Now for the introductions.

Monkey is my oldest and the girl that has a special piece of my heart. She is a black domestic shorthaired cat. She was found stuck in my late German Shepherd's dog pen one stormy day while my dog was outside pottying. My dog refused to come inside and when we went to see what the problem was, she was huddled over this tiny 3 week old kitten who had gotten stuck and was soaking wet. No other kittens were found and a day later we found a black cat on the road a few houses down. Monkey was weaned from goats milk and replacer to ground raw onto a raw and bone diet. 










Next came Callie, she is my sister's cat but I still consider her part of the pack. She really doesn't like to be apart of the fun, as she would much rather sit just out of reach and watch. She is having a hard time adjusting to the dog even after two years but every day we make some progress.










Then comes Dexter... oh boy. What to say about my little man? Trouble, instigator, brat, cuddly adorable little boy. He gets away with so much because he is so darn cute. He is part maine **** and was adopted from the rescue I used to volunteer for. He is a strong, athletic, big boy who likes to be involved in EVERYTHING. He is also the most friendliest, outgoing, intelligent cat I have ever known. He knows how to do a multitude of tricks and commands and even responds to the clicker. My dog and Dexter are soul mates and play like dogs. I always joke and say, "Dexter is a dog in a cat suit". 










Last is my gorgeous Stark. He's a 2 year old German Shepherd whom is considered my "working dog". We train in schutzhund, agility and a multitude of other dogs sports/venues. He enjoys the cats despite his prey drive, and will often be found cuddled on the couch or floor with one of them. 










Well, that's us in a nutshell! I look forward to meeting everyone!


----------



## AnaPanda (Feb 23, 2011)

Aww, gorgeous pets! I would love to have a german shepard, but they're so large and hard to feed! I think my parents would have some complaining about that (kidding). =P

Welcome to the forums!


----------



## marie73 (Jul 12, 2006)

Beautiful kids! Of course, I have a special love for black kitties, so Monkey - :luv


----------



## Susan (Mar 29, 2010)

Welcome from Ontario. Your little ones are lovely!


----------



## konstargirl (Feb 4, 2011)

Hi and welcoem to the forum! They are pretty.  And I love dogs. I always wanted one since I wasl ittle, but my apartment doesn't allow dogs. Only cats, fish and other pets.


----------



## OctoberinMaine (Sep 12, 2006)

Welcome to the forum! The story about finding Monkey in your dog's pen is really heart-wrenching. Poor thing, she was probably really confused. They're all beautiful!


----------



## Greenport ferals (Oct 30, 2010)

Oh boy that Dexter! Handsome cat.


----------



## Jan Rebecca (Oct 14, 2010)

Welcome to the forum - Beautiful cats!


----------



## Monkey_Girl (Aug 1, 2010)

Thanks for the warm welcomes everyone.


----------



## MowMow (Nov 6, 2010)

Kitties are lovely and what a gorgeous dog! Wow is he handsome. Do you compete with him?


----------



## Monkey_Girl (Aug 1, 2010)

Thanks everyone! 



MowMow said:


> Kitties are lovely and what a gorgeous dog! Wow is he handsome. Do you compete with him?

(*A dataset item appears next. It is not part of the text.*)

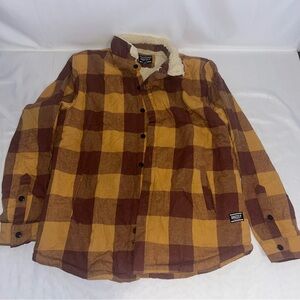 Grizzly Brown and Yellow Plaid Jacket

Yes, I do compete with him.

We compete in schutzhund and obedience (rally at the moment) and will soon be doing herding (this summer).

Right now we are working on our BH which is the first requirement in schutzhund in order to continue as well as training for the AD which is basically an endurance test (biking with some obedience).

We also are going to be doing a rally-obedience trial next month for fun as well as getting his HIC which is a herding certificate and hopefully continue to train in that venue if possible. Schutzhund takes up quite a bit of time, engery and money..lol.

I am also researching bloodlines and such for another pup which will hopefully come this year or next.

I'm a dog-sport addict now..lol.


----------